■ WORK TASK: Reproduce each record verbatim, images excluded.

■ THE DATA:
____________
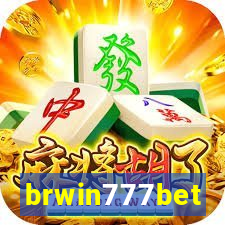 brwin777bet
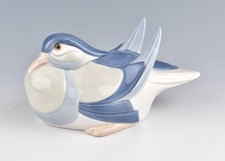 Nao by Lladro Figurine -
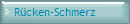 Rücken-Schmerz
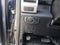 2019 Ford Super Duty F-250 SRW Platinum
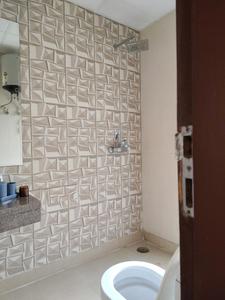 Bedroom One Image of 1152 Sq.ft 3 BHK Apartment / Flat for sale in ABA Coco County, Noida Extension Greater Noida for Rs. 13000000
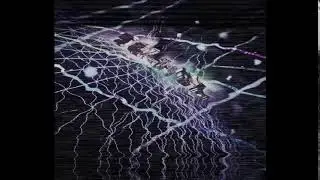 Selnox Intro - by LiraiMotion ft. Shxrkz [C4D]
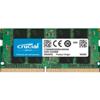 SO DDR4 8GB PC 3200 CRUCIAL CL22 CT8G4SFRA32A 
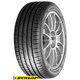 Dunlop ljetna guma SP Sport Maxx RT2, 235/60R17 106V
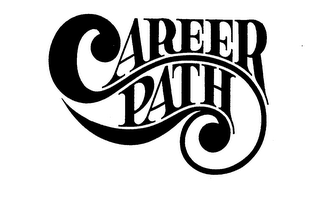 CAREER PATH logo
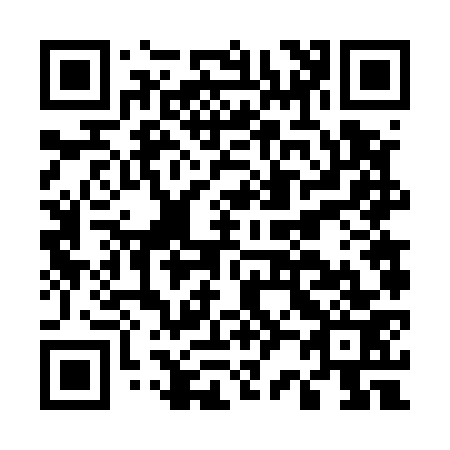 QR code for E26573
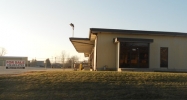 3907 TRANSPORTATION DR Fort Wayne, IN 46818 - Image 14820206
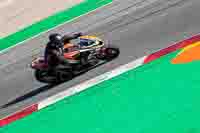 motorbikes;no-limits;november-2022;peter-wileman-photography;portimao;portugal;trackday-digital-images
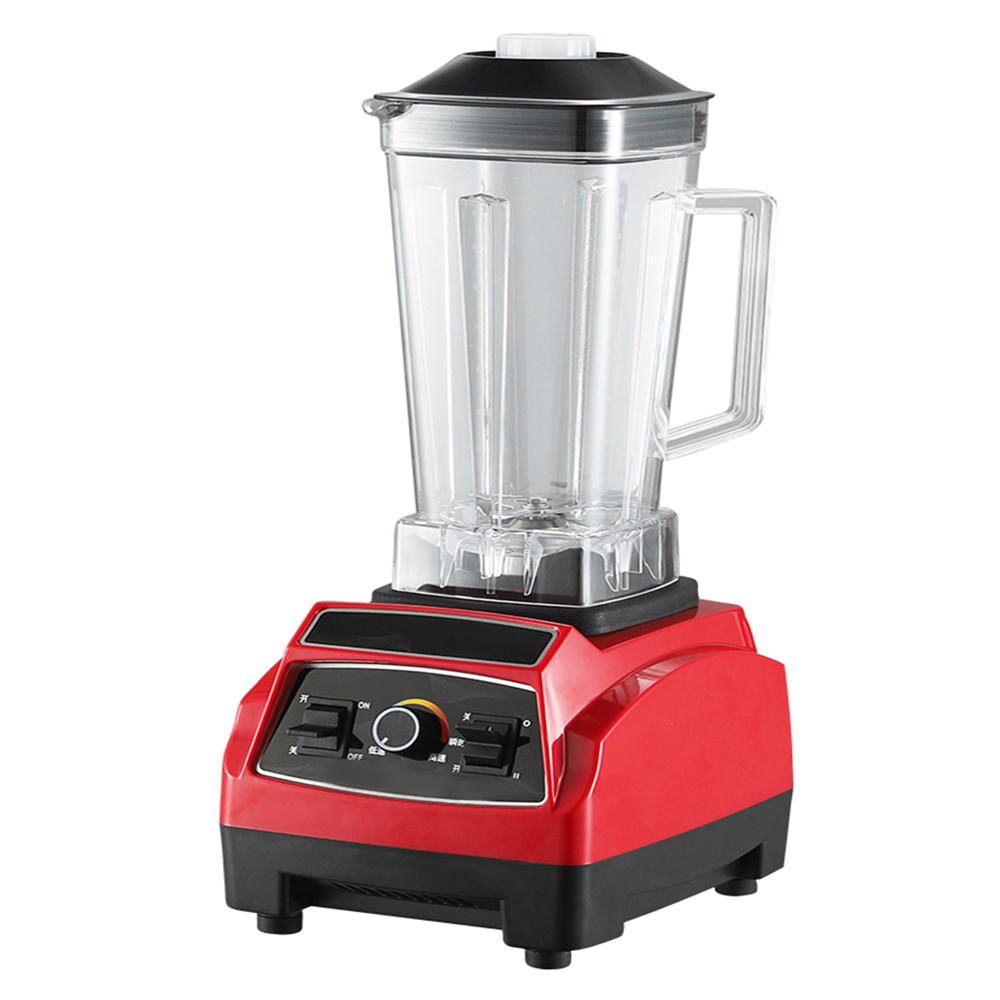 2a92845b-9101-4152-b70e-15ae9530e0b4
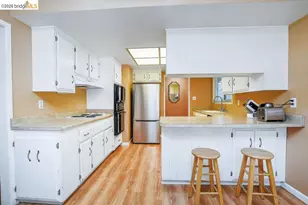 2809 Fortuna Ct, Antioch, CA 94513 - Photo 8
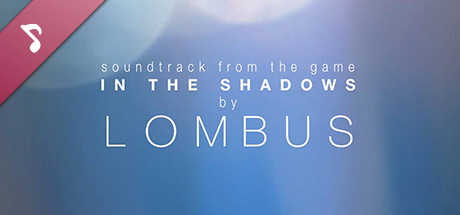 In The Shadows - Original Soundtrack banner image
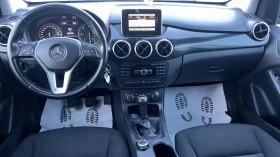 Mercedes-Benz A 180 1.5CDI EURO 6B | Mobile.bg    7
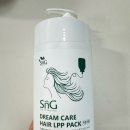 더드림케어 이미지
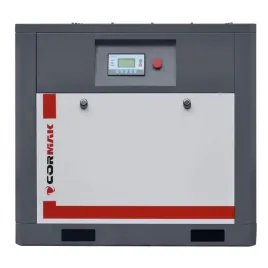 kompresor-olejowy-sprezarka-srubowa-theor-20-15kw-2000-l-min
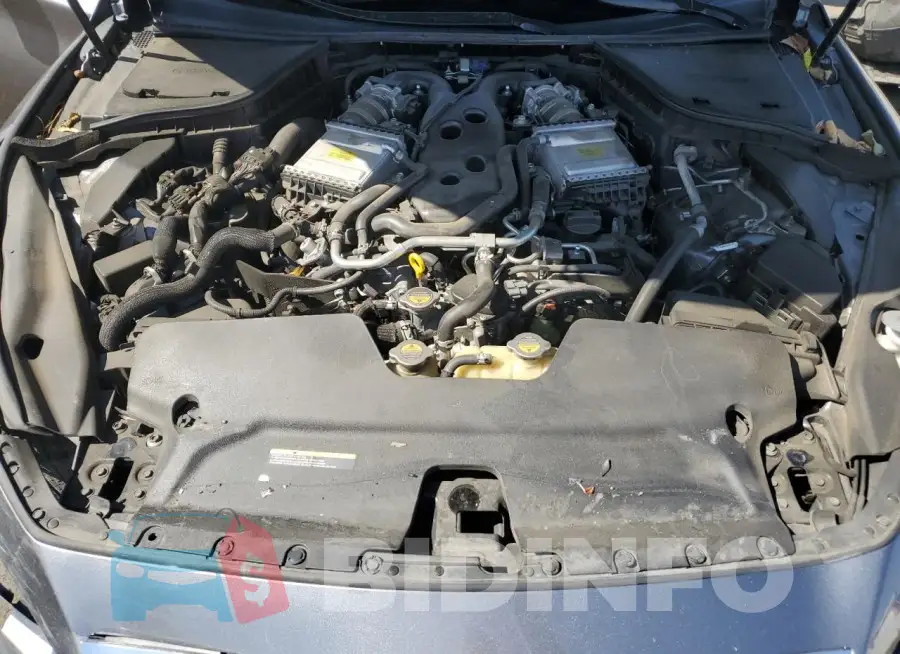 JN1EV7AP4LM206725 Photo# 11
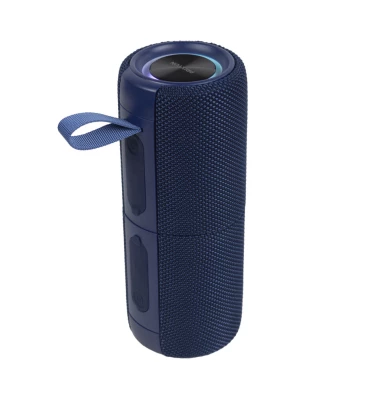 Enceinte Prixton 30w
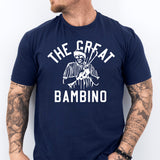 Great Bambino
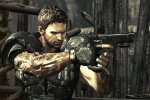 Svelato il packshot ufficiale di Resident Evil 5: Gold Edition - Notizia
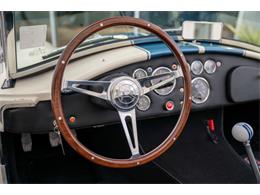 1965 Backdraft Racing RT4 (CC-2069243) for sale in Boise, Idaho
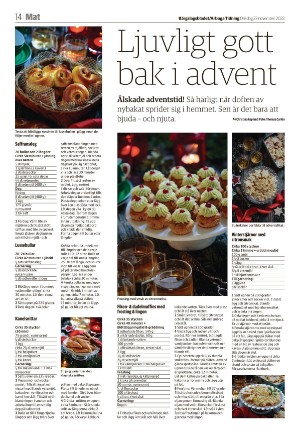 bargslagsbladet-20221123_000_00_00_014.pdf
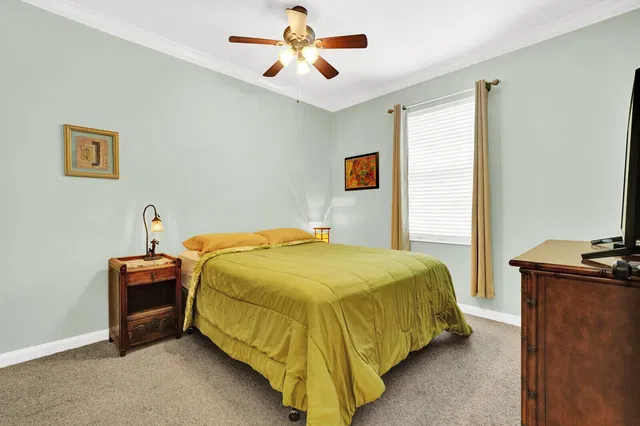 Charleston Court at Abacoa Residence photo 19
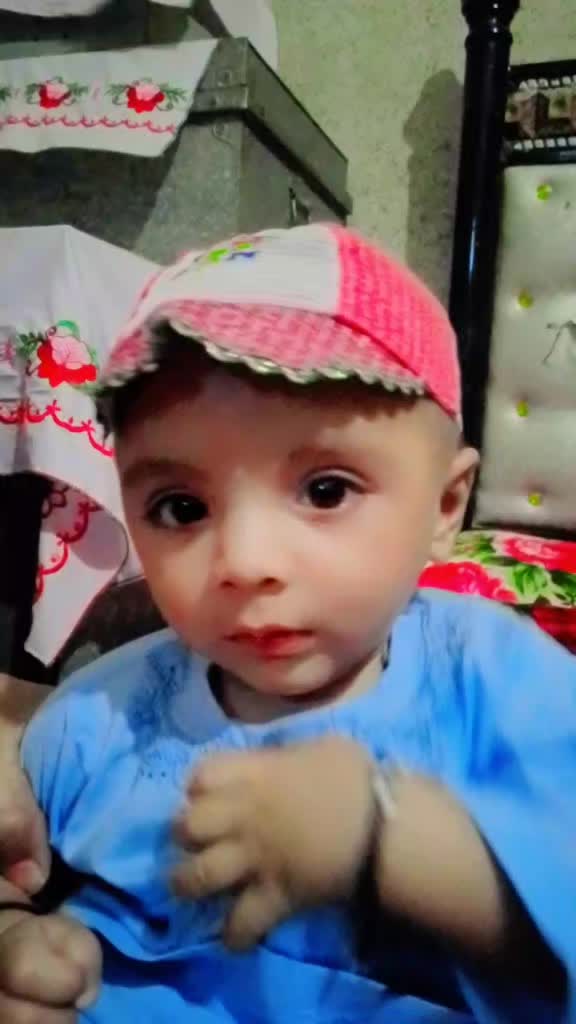 @Sajid baloch 7786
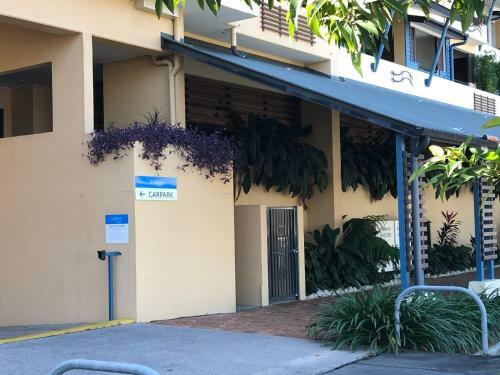 Apartamento Heritage Resort - Bring The Family!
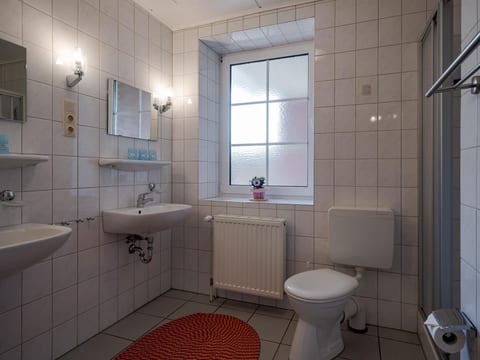 Holiday apartment Prerow A1-1716757
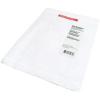 Програмна продукція Microsoft OPK Master Kit Office 2007 (269-11458)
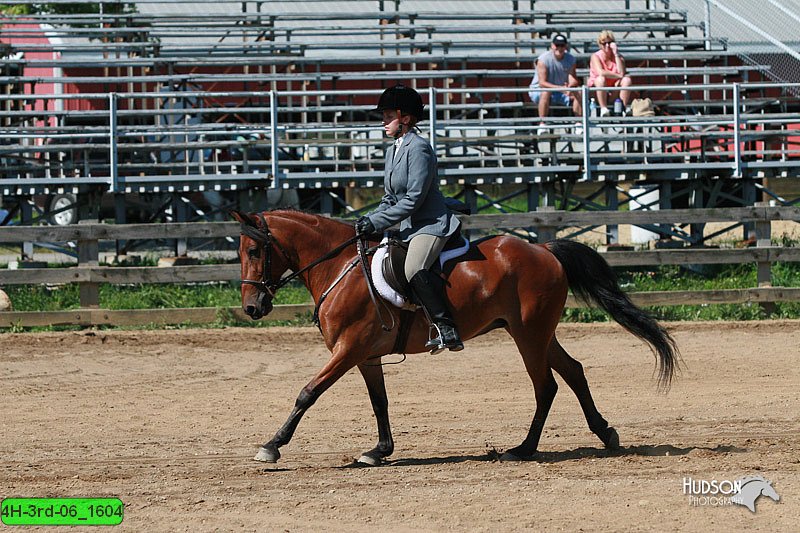 4H-3rd-06_1604.jpg
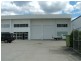Geebung QLD 4034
____________
■ YOUR RESPONSE:
 brwin777bet
 Nao by Lladro Figurine -
 Rücken-Schmerz
 2019 Ford Super Duty F-250 SRW Platinum
 Bedroom One Image of 1152 Sq.ft 3 BHK Apartment / Flat for sale in ABA Coco County, Noida Extension Greater Noida for Rs. 13000000
 Selnox Intro - by LiraiMotion ft. Shxrkz [C4D]
 SO DDR4 8GB PC 3200 CRUCIAL CL22 CT8G4SFRA32A 
 Dunlop ljetna guma SP Sport Maxx RT2, 235/60R17 106V
 CAREER PATH logo
 QR code for E26573
 3907 TRANSPORTATION DR Fort Wayne, IN 46818 - Image 14820206
 motorbikes;no-limits;november-2022;peter-wileman-photography;portimao;portugal;trackday-digital-images
 2a92845b-9101-4152-b70e-15ae9530e0b4
 2809 Fortuna Ct, Antioch, CA 94513 - Photo 8
 In The Shadows - Original Soundtrack banner image
 Mercedes-Benz A 180 1.5CDI EURO 6B | Mobile.bg    7
 더드림케어 이미지
 kompresor-olejowy-sprezarka-srubowa-theor-20-15kw-2000-l-min
 JN1EV7AP4LM206725 Photo# 11
 Enceinte Prixton 30w
 Great Bambino
 Svelato il packshot ufficiale di Resident Evil 5: Gold Edition - Notizia
 1965 Backdraft Racing RT4 (CC-2069243) for sale in Boise, Idaho
 bargslagsbladet-20221123_000_00_00_014.pdf
 Charleston Court at Abacoa Residence photo 19
 @Sajid baloch 7786
 Apartamento Heritage Resort - Bring The Family!
 Holiday apartment Prerow A1-1716757
 Програмна продукція Microsoft OPK Master Kit Office 2007 (269-11458)
 4H-3rd-06_1604.jpg
Geebung QLD 4034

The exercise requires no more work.